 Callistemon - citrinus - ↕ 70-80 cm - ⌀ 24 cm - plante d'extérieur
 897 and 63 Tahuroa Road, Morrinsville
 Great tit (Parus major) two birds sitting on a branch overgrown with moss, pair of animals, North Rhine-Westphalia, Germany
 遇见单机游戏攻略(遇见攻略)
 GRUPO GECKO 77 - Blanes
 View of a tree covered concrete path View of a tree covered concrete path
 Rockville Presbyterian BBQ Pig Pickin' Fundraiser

--

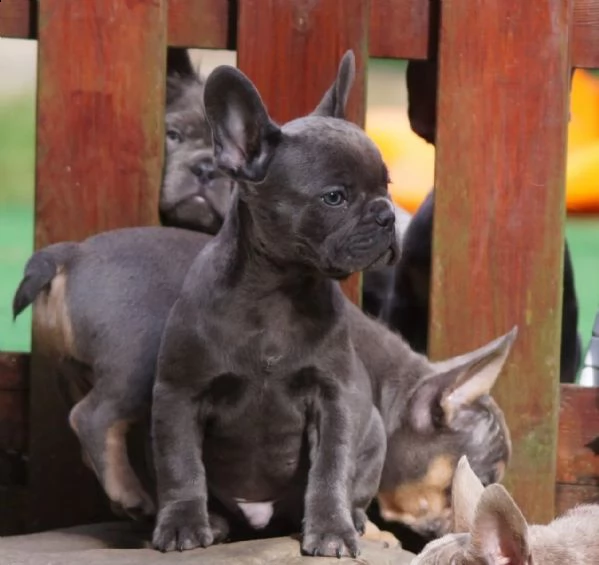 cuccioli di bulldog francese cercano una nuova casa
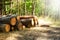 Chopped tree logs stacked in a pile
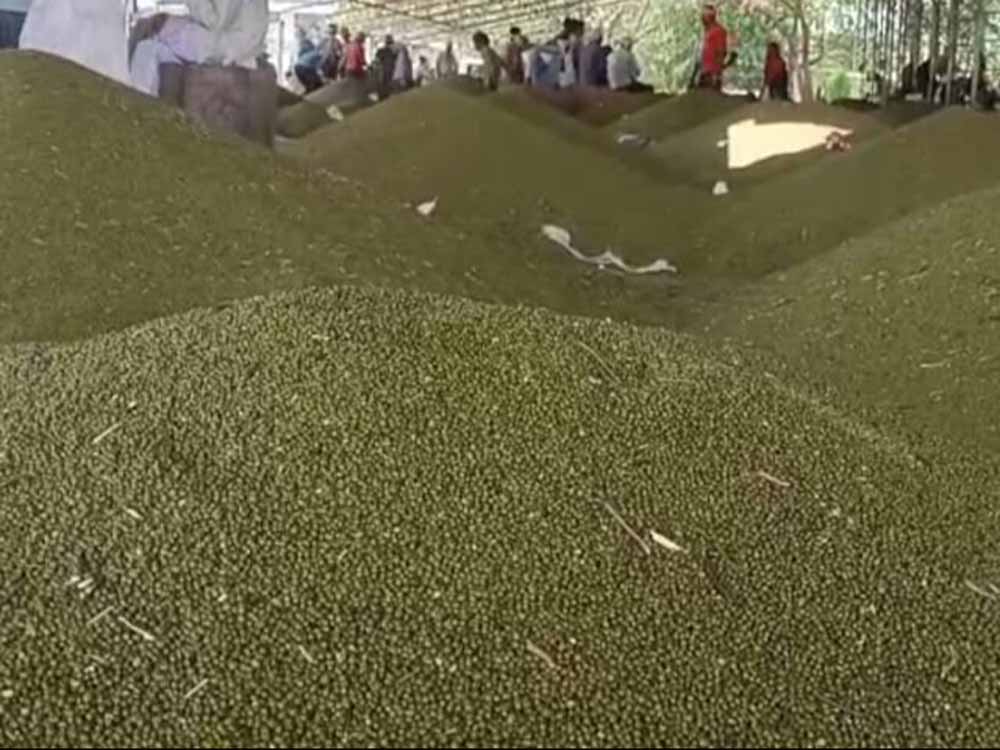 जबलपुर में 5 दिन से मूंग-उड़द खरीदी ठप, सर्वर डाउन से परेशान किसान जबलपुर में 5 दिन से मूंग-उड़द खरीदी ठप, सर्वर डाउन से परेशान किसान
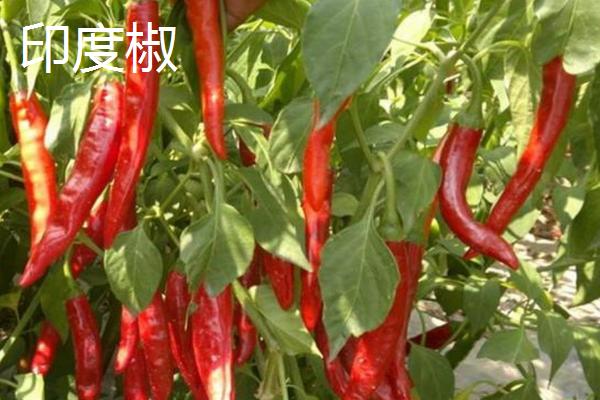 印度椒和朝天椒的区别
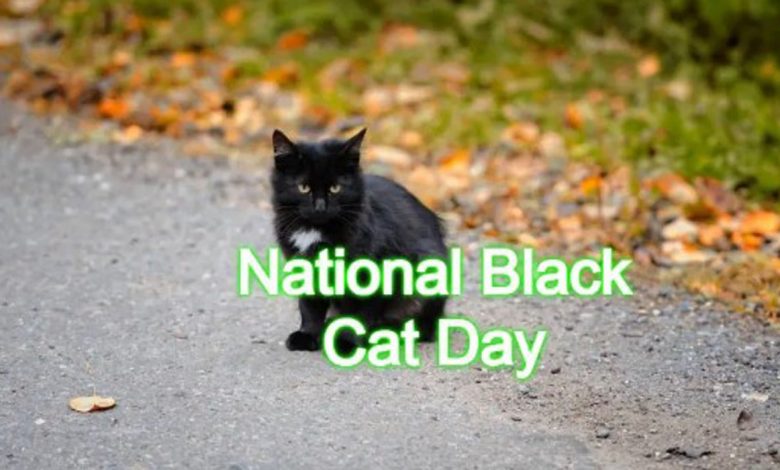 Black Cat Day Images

* * *

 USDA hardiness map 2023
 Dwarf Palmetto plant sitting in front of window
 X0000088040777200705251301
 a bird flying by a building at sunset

(TASK TO CARRY OUT): Check each line of the entries above, and show every one holding the word "sitting".

(WRITTEN SOLUTION):
 Great tit (Parus major) two birds sitting on a branch overgrown with moss, pair of animals, North Rhine-Westphalia, Germany
 Dwarf Palmetto plant sitting in front of window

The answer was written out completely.